● **Requirement**
Please print all the lines below exactly as they are written.

*** Extracted material Section Begins ***

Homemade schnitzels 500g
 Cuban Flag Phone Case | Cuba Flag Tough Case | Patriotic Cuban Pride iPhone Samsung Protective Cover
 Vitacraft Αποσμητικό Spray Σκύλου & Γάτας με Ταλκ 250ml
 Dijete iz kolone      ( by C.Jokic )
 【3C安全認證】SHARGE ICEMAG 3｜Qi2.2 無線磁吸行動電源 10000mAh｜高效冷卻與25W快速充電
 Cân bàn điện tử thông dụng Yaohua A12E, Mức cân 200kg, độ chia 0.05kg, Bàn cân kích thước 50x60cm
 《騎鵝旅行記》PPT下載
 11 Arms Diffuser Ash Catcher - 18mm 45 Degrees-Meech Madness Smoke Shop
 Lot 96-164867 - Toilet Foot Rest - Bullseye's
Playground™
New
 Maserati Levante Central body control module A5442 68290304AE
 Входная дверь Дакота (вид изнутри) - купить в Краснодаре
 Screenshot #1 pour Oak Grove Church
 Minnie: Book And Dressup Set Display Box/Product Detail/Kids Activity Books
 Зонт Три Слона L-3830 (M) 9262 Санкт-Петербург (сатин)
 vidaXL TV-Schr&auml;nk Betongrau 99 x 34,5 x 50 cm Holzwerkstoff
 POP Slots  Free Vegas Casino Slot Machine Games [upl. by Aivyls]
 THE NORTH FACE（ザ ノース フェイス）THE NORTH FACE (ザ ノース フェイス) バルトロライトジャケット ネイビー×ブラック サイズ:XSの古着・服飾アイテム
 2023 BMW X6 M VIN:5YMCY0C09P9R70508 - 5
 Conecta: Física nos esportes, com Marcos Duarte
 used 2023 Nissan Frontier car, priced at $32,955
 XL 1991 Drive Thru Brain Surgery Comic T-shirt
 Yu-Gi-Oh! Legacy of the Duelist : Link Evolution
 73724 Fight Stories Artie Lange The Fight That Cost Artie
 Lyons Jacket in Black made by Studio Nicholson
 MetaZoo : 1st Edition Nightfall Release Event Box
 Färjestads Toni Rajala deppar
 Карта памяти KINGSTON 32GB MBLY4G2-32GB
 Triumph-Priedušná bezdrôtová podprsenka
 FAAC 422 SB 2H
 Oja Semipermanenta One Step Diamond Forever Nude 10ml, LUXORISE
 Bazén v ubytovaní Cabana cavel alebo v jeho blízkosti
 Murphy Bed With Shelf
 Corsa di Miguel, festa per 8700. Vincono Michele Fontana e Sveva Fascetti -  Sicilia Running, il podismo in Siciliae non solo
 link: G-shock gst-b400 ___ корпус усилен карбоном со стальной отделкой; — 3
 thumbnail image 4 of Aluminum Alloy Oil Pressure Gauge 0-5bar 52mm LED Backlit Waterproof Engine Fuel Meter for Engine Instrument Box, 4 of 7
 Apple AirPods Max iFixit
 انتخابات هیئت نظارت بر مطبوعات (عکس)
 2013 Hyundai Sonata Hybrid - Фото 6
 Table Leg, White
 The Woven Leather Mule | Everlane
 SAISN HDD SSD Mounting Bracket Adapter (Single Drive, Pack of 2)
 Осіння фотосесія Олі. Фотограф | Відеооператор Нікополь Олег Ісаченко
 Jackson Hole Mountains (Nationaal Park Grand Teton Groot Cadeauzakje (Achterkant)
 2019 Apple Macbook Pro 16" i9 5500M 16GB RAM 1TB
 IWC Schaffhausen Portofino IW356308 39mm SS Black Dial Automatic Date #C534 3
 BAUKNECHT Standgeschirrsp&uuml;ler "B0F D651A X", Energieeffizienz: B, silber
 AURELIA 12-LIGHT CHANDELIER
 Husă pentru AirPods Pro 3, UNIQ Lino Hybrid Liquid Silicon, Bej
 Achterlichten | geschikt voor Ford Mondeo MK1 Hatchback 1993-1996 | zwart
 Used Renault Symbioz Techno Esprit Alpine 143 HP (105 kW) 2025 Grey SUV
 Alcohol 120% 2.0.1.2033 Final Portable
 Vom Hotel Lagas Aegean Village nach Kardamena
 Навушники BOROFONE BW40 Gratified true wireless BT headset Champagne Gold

*** Extracted material Section Ends ***

● **Solved exercise**
Homemade schnitzels 500g
 Cuban Flag Phone Case | Cuba Flag Tough Case | Patriotic Cuban Pride iPhone Samsung Protective Cover
 Vitacraft Αποσμητικό Spray Σκύλου & Γάτας με Ταλκ 250ml
 Dijete iz kolone      ( by C.Jokic )
 【3C安全認證】SHARGE ICEMAG 3｜Qi2.2 無線磁吸行動電源 10000mAh｜高效冷卻與25W快速充電
 Cân bàn điện tử thông dụng Yaohua A12E, Mức cân 200kg, độ chia 0.05kg, Bàn cân kích thước 50x60cm
 《騎鵝旅行記》PPT下載
 11 Arms Diffuser Ash Catcher - 18mm 45 Degrees-Meech Madness Smoke Shop
 Lot 96-164867 - Toilet Foot Rest - Bullseye's
Playground™
New
 Maserati Levante Central body control module A5442 68290304AE
 Входная дверь Дакота (вид изнутри) - купить в Краснодаре
 Screenshot #1 pour Oak Grove Church
 Minnie: Book And Dressup Set Display Box/Product Detail/Kids Activity Books
 Зонт Три Слона L-3830 (M) 9262 Санкт-Петербург (сатин)
 vidaXL TV-Schr&auml;nk Betongrau 99 x 34,5 x 50 cm Holzwerkstoff
 POP Slots  Free Vegas Casino Slot Machine Games [upl. by Aivyls]
 THE NORTH FACE（ザ ノース フェイス）THE NORTH FACE (ザ ノース フェイス) バルトロライトジャケット ネイビー×ブラック サイズ:XSの古着・服飾アイテム
 2023 BMW X6 M VIN:5YMCY0C09P9R70508 - 5
 Conecta: Física nos esportes, com Marcos Duarte
 used 2023 Nissan Frontier car, priced at $32,955
 XL 1991 Drive Thru Brain Surgery Comic T-shirt
 Yu-Gi-Oh! Legacy of the Duelist : Link Evolution
 73724 Fight Stories Artie Lange The Fight That Cost Artie
 Lyons Jacket in Black made by Studio Nicholson
 MetaZoo : 1st Edition Nightfall Release Event Box
 Färjestads Toni Rajala deppar
 Карта памяти KINGSTON 32GB MBLY4G2-32GB
 Triumph-Priedušná bezdrôtová podprsenka
 FAAC 422 SB 2H
 Oja Semipermanenta One Step Diamond Forever Nude 10ml, LUXORISE
 Bazén v ubytovaní Cabana cavel alebo v jeho blízkosti
 Murphy Bed With Shelf
 Corsa di Miguel, festa per 8700. Vincono Michele Fontana e Sveva Fascetti -  Sicilia Running, il podismo in Siciliae non solo
 link: G-shock gst-b400 ___ корпус усилен карбоном со стальной отделкой; — 3
 thumbnail image 4 of Aluminum Alloy Oil Pressure Gauge 0-5bar 52mm LED Backlit Waterproof Engine Fuel Meter for Engine Instrument Box, 4 of 7
 Apple AirPods Max iFixit
 انتخابات هیئت نظارت بر مطبوعات (عکس)
 2013 Hyundai Sonata Hybrid - Фото 6
 Table Leg, White
 The Woven Leather Mule | Everlane
 SAISN HDD SSD Mounting Bracket Adapter (Single Drive, Pack of 2)
 Осіння фотосесія Олі. Фотограф | Відеооператор Нікополь Олег Ісаченко
 Jackson Hole Mountains (Nationaal Park Grand Teton Groot Cadeauzakje (Achterkant)
 2019 Apple Macbook Pro 16" i9 5500M 16GB RAM 1TB
 IWC Schaffhausen Portofino IW356308 39mm SS Black Dial Automatic Date #C534 3
 BAUKNECHT Standgeschirrsp&uuml;ler "B0F D651A X", Energieeffizienz: B, silber
 AURELIA 12-LIGHT CHANDELIER
 Husă pentru AirPods Pro 3, UNIQ Lino Hybrid Liquid Silicon, Bej
 Achterlichten | geschikt voor Ford Mondeo MK1 Hatchback 1993-1996 | zwart
 Used Renault Symbioz Techno Esprit Alpine 143 HP (105 kW) 2025 Grey SUV
 Alcohol 120% 2.0.1.2033 Final Portable
 Vom Hotel Lagas Aegean Village nach Kardamena
 Навушники BOROFONE BW40 Gratified true wireless BT headset Champagne Gold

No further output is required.